Data for this exercise
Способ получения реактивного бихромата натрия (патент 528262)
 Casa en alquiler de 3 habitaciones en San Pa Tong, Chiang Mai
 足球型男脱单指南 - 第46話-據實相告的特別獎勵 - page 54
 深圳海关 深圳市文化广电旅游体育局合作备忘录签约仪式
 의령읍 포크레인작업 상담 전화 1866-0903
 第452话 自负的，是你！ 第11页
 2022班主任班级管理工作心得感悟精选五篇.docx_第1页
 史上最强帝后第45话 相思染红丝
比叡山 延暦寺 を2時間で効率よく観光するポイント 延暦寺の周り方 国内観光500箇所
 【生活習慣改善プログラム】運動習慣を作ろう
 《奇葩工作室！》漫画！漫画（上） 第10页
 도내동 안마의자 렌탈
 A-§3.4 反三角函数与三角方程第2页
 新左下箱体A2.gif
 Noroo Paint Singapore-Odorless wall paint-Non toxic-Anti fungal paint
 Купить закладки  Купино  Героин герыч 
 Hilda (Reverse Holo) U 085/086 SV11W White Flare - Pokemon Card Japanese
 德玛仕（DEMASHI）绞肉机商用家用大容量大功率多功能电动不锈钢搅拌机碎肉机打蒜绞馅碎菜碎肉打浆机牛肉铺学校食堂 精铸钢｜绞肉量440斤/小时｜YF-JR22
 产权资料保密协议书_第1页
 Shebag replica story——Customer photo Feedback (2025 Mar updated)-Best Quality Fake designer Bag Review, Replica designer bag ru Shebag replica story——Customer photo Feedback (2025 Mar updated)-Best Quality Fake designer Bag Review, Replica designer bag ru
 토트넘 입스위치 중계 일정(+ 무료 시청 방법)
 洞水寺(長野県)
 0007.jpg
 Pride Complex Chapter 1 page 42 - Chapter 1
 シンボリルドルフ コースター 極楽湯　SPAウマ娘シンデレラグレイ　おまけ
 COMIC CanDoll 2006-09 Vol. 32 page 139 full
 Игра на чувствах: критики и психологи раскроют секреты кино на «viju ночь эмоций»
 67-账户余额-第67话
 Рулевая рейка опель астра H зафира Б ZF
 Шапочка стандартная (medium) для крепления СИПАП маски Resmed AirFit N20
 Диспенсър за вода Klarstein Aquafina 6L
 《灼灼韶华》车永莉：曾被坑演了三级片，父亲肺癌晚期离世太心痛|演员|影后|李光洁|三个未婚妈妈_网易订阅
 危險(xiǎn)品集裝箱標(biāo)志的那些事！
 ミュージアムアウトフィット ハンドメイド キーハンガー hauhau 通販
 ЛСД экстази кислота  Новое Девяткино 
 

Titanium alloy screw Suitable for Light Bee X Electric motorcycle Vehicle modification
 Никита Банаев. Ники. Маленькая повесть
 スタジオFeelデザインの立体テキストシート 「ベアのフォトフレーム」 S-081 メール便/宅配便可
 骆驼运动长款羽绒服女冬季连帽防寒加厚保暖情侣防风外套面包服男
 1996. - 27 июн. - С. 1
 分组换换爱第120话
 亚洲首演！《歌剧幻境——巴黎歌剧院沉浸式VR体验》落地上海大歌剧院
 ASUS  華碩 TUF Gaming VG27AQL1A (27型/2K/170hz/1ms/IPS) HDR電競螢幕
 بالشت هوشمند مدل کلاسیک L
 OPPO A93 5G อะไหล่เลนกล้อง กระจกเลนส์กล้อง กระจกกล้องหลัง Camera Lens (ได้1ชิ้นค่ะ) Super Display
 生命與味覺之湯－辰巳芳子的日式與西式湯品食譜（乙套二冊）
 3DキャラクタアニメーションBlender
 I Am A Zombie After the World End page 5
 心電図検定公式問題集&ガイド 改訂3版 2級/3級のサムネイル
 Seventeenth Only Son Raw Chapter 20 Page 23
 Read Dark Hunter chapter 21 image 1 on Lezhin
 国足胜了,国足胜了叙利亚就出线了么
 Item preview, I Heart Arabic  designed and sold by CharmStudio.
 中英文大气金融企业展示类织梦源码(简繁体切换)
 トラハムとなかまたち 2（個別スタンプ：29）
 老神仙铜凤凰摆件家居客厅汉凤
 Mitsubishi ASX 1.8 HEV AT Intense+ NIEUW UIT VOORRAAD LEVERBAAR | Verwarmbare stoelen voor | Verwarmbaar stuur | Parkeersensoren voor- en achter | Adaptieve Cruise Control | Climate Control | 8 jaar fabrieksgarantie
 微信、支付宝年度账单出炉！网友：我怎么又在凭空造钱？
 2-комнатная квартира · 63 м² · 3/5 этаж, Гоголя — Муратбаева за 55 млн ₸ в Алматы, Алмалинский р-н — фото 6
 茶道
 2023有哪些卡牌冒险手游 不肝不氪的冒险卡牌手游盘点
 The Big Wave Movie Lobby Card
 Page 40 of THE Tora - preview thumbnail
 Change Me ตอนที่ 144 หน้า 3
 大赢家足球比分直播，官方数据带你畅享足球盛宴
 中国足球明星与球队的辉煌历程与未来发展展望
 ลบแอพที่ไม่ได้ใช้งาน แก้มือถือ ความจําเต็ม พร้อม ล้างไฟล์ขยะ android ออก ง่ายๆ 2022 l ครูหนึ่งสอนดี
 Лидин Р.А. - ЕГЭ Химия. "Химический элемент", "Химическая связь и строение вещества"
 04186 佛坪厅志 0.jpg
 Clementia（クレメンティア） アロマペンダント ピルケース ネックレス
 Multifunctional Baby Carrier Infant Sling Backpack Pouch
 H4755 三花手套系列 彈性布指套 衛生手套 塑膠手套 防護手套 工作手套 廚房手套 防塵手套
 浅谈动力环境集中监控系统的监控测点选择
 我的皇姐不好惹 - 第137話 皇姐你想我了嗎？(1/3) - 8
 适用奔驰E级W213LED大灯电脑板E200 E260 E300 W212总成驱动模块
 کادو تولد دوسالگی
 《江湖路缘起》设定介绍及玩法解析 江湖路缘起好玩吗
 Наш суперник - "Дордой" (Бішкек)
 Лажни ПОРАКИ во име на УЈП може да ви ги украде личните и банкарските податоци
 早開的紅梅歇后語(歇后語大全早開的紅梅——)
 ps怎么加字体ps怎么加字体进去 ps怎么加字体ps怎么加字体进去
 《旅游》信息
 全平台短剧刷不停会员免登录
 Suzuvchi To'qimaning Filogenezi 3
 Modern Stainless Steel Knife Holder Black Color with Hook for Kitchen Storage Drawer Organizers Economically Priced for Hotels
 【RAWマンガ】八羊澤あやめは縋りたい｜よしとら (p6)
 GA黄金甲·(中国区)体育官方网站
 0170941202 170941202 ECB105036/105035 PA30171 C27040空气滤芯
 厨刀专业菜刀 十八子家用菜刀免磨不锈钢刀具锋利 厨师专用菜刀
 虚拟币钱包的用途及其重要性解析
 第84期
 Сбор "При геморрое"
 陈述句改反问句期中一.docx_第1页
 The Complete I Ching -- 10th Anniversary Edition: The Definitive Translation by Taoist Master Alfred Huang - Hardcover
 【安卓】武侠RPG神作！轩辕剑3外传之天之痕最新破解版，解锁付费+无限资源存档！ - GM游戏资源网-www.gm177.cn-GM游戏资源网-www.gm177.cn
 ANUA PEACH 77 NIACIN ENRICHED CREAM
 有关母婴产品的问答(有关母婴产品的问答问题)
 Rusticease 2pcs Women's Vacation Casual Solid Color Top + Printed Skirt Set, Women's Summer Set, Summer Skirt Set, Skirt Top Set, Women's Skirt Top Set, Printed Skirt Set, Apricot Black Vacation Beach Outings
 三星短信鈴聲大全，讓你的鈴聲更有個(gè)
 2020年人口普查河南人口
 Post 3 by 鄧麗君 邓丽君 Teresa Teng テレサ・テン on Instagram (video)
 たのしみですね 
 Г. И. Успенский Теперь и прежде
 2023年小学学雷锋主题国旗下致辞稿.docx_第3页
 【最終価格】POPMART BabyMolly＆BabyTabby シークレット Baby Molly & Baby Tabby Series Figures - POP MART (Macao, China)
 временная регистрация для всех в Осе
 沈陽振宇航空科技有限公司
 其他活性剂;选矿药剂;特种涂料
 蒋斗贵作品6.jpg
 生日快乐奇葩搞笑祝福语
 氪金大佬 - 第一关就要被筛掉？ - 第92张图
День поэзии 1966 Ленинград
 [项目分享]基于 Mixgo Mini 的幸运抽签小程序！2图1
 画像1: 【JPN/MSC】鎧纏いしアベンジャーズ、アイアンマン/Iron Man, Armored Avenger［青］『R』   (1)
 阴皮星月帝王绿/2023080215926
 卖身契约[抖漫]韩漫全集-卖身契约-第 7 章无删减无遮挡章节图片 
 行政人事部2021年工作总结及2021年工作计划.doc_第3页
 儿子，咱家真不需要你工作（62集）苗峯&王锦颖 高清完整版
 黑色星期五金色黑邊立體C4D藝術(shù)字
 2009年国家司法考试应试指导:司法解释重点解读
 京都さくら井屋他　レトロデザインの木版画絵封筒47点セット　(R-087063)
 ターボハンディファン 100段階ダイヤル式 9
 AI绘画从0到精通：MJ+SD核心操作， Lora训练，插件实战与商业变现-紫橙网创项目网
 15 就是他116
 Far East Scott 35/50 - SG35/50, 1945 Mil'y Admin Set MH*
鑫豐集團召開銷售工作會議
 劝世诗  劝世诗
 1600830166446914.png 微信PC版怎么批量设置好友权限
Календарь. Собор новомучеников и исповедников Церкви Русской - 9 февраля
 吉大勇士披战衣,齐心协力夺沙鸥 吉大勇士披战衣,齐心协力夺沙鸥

Exercise directions
If a line in the entries contains the word "Card", copy that line out.

Output below
 Hilda (Reverse Holo) U 085/086 SV11W White Flare - Pokemon Card Japanese
 The Big Wave Movie Lobby Card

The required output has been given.